As for design, here’s how the two phones stack up:
Everything else about the Reno 6 Pro is more or less being carried forward from the Reno 5 Pro. It’s made of glass and has a 6.5-inch 1080p 90Hz curved AMOLED display with an optical in-display fingerprint scanner. It has a quad camera setup on the rear with a 64MP main, 8MP ultra-wide-angle (with a wider 120-degree field-of-view lens), and two 2MP cameras, one for macros and another for portrait photography.
Like a lot of its other phones, including the Reno 5 Pro, Oppo is again highlighting its video prowess here with an “industry first Bokeh Flare Portrait Video” and “cinematic bokeh flare effects in portraits” AI chops. Video recording on this phone caps out at 4k@30fps though. The Realme X7 Max with similar hardware can shoot at up to 4k@60fps. On the front, the Reno 6 Pro has a 32MP camera. This can shoot at up to 1080p@30fps only. Like the Reno 5 Pro, the Reno 6 Pro does not have a headphone jack/micro-SD card slot for storage expansion. There is only a mono speaker on this phone. Rounding off the package is 65W fast charging.

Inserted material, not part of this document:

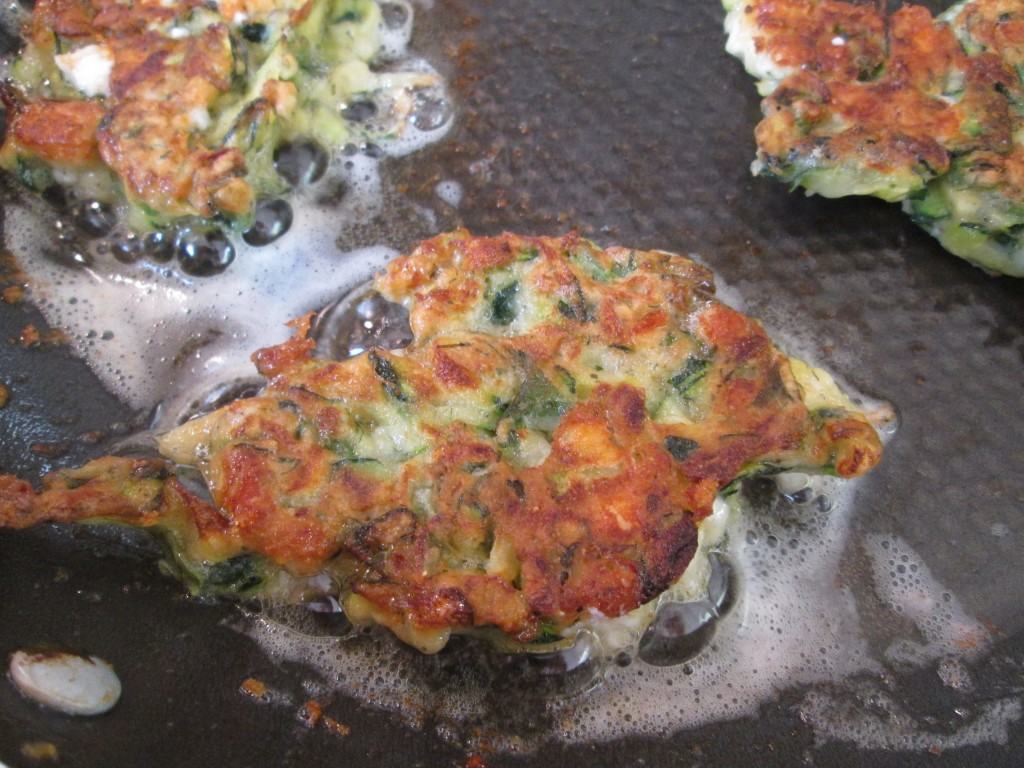 Courgette-feta-fritters-lucyloves-foodblog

Oppo Reno 6 Pro final thoughts
The Reno 6 Pro India price is Rs 39,999. This is for the version with 12GB RAM and 256GB storage. An 8GB/128GB version of the Reno 5 Pro cost Rs 35,990 at launch. It’s an upgrade, yes, but as a Reno series phone, it does not do a lot to reinvent the wheel for Oppo. If anything, it makes phones like the Realme X7 Max/Realme X7 Pro and others stand out even more, as more value for money. Also, the vanilla Reno 6 5G is essentially the same phone with a watered-down Dimensity 900 chipset, 64MP triple rear camera system, and a smaller 4,300mAh battery at Rs 10,000 less (for a version with 8GB/128GB).

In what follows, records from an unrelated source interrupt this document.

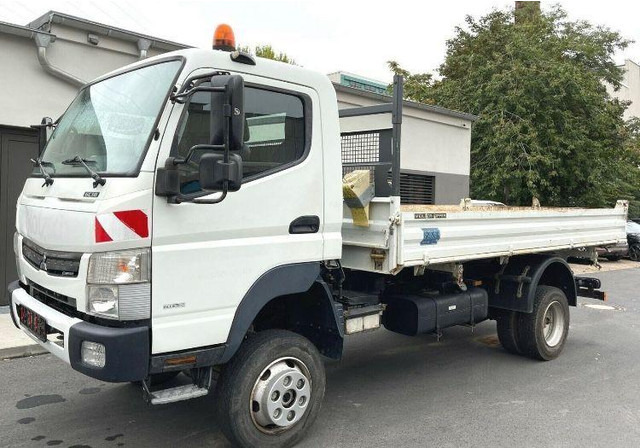 Mitsubishi Fuso 4x4 3 way tipper - Truk jungkit: gambar 1 Mitsubishi Fuso 4x4 3 way tipper - Truk jungkit: gambar 1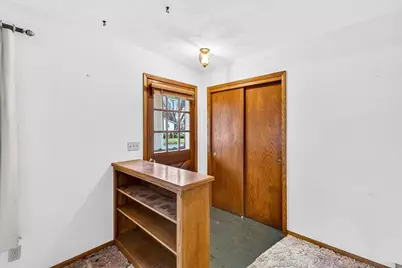 426 Blankenheim Lane, Sun Prairie, WI 53590 - Photo 4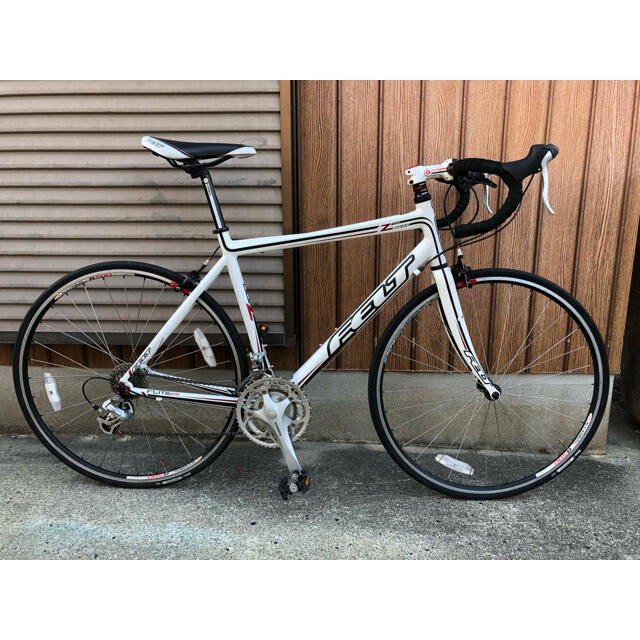 自転車本体FELT Z100  サイズ56  ロードバイク　クロスバイク　3×8S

Just like a dozen Reno phones before it, the new “pro” Reno seems like a stop-gap before the next one comes along – at least on paper. That’s not bad or anything, but then again, I’d like to revisit this piece I did around the time that Oppo launched the Reno 5 Pro in India (you can read it here). As it turns out, six months later, the song still remains the same.